Das Engagement der Informatikstudenten ist nicht die einzige akademische Aufbauhilfe für Afghanistan. Universitäten wie Bonn, Karlsruhe, Kassel, Heidelberg, Erlangen oder Hohenheim laden regelmäßig afghanische Dozenten zur Weiterbildung nach Deutschland ein. Studenten und Professoren der Universität Bonn gründeten 2003 die Initiative "Ein Stuhl für Kabul", die Spenden für die afghanische Universität sammelt.

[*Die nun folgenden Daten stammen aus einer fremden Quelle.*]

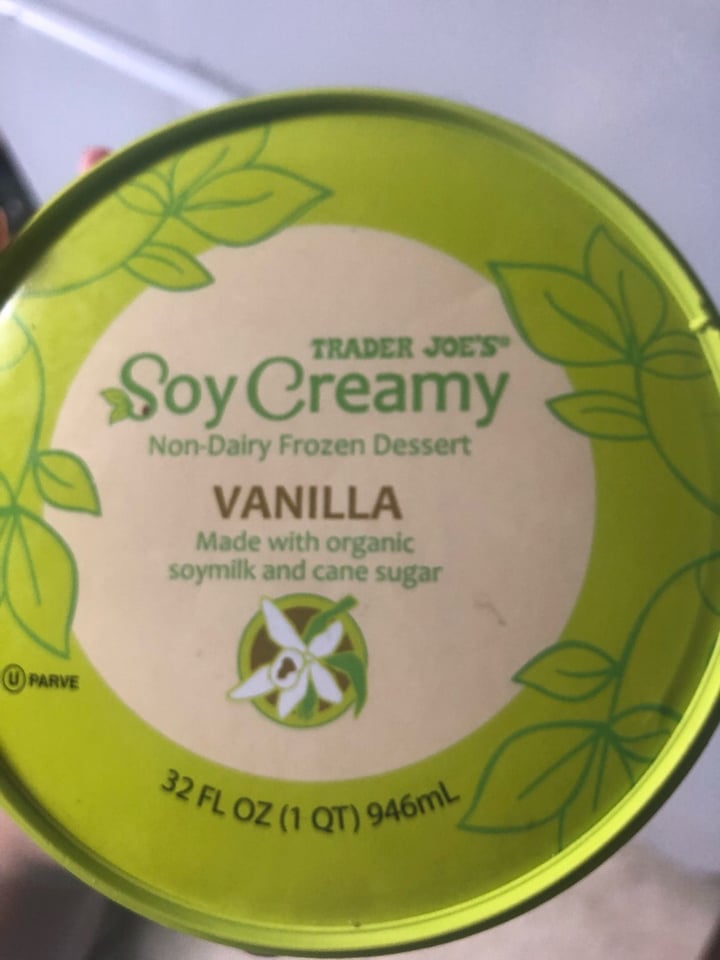 photo of Trader Joe's Soy Creamy Vanilla Ice Cream shared by @macks on  24 Nov 2019 - review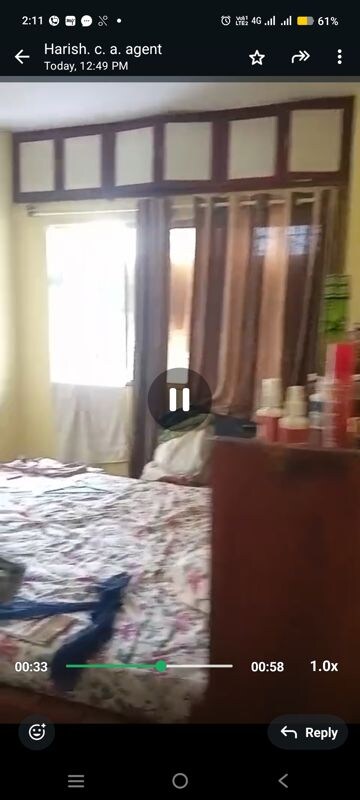 Bedroom in 2 BHK Apartment at Dedhia Golden Park II, Kalyan West – for Sale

Der Lehrstuhl für Städtebau der Universität entwickelte Lösungen für die zerstörte Hauptstadt. Im Herbst vergangenen Jahres fand ein Dozentenaustausch mit dem Fachbereich "Deutsch als Fremdsprache" der Universität Essen statt. Und afghanische Medizinstudenten konnten im Sommer in Kabul an einem Fortbildungskurs in Kardiologie teilnehmen - geübt wurde an EKG-Geräten aus Deutschland.
Klassenzimmer auf Folterkellern
Afghanistan-Erfahrung sammelten auch 22 Berliner Architekturstudenten, die im Sommer 2003 erstmals nach Afghanistan flogen. Neben einer Begegnungsstätte für Studenten sollten zwei Gebäude für eine Mädchenschule gebaut werden. Die Sooria-Schule hatte während des Krieges als Militärquartier gedient, in ihren Kellern wurden Gefangene gefoltert und hingerichtet.
"Da war alles platt", erinnert sich Rainer Mertes, Architektur-Professor an der TU und neben zwei Diplom-Ingenieurinnen Leiter des Projektes, an seinen ersten Eindruck vom Gelände. Zwischen Lehmhügeln standen nur noch einige Mauern, an einer hing noch eine Tafel. Von den sanitären Einrichtungen waren allein die Grundrisse erkennbar.
In der Zusammenarbeit mit den afghanischen Architekturstudenten gab es einige Überraschungen: "Während eines Abendseminars standen plötzlich alle Studentinnen schweigend auf und gingen", erinnert sich Mertes. Er hatte nicht eingeplant, dass sich afghanische Frauen nach Einbruch der Dunkelheit nicht mehr außerhalb des Hauses aufhalten dürfen.
Verschleiert auf dem Bau
Probleme warf auch die gemeinsame Arbeit auf den Baustellen des von TU, DAAD und dem Bundesministerium für wirtschaftliche Zusammenarbeit finanzierten Projektes auf. Die afghanischen Studenten erschienen im feinen Zwirn - und schauten erst einmal zu. Es entsprach nicht ihrem Selbstverständnis, mit anzupacken. Für die Frauen war es zunächst unvorstellbar, in Arbeitskleidung und vor den Augen aller Familienmitglieder und Bekannten Mörtel zu mischen und Steine zu schleppen.
"Besonders die Frauen in unserer Gruppe haben dann versucht, sie durch den behutsamen Aufbau von persönlichen Kontakten langsam zu integrieren", erzählt Mertes. Es entwickelten sich Freundschaften, einige der Berlinerinnen schliefen gar für eine Nacht in einem zum Wohnheim für Studentinnen umfunktionierten Mietshaus. "In den zehn Quadratmeter kleinen Zimmern standen jeweils vier Doppelstockbetten, Möbel gab es keine, und die Toilette war ein Loch im Boden", erzählt die Architektur-Studentin Charlotte Kellersmann, 29.
Doch den TU-Studenten, die schon aus Kabul zurückgekommen sind, bleiben nicht nur negative Erlebnisse in Erinnerung. "Allein für den Tagesausflug in den Hindukusch hat es sich gelohnt, zwei Monate hart zu arbeiten", sagt Felix Borchers. "Da saßen wir im Schatten der Maulbeerbäume und haben die erntefrischen Beeren gegessen."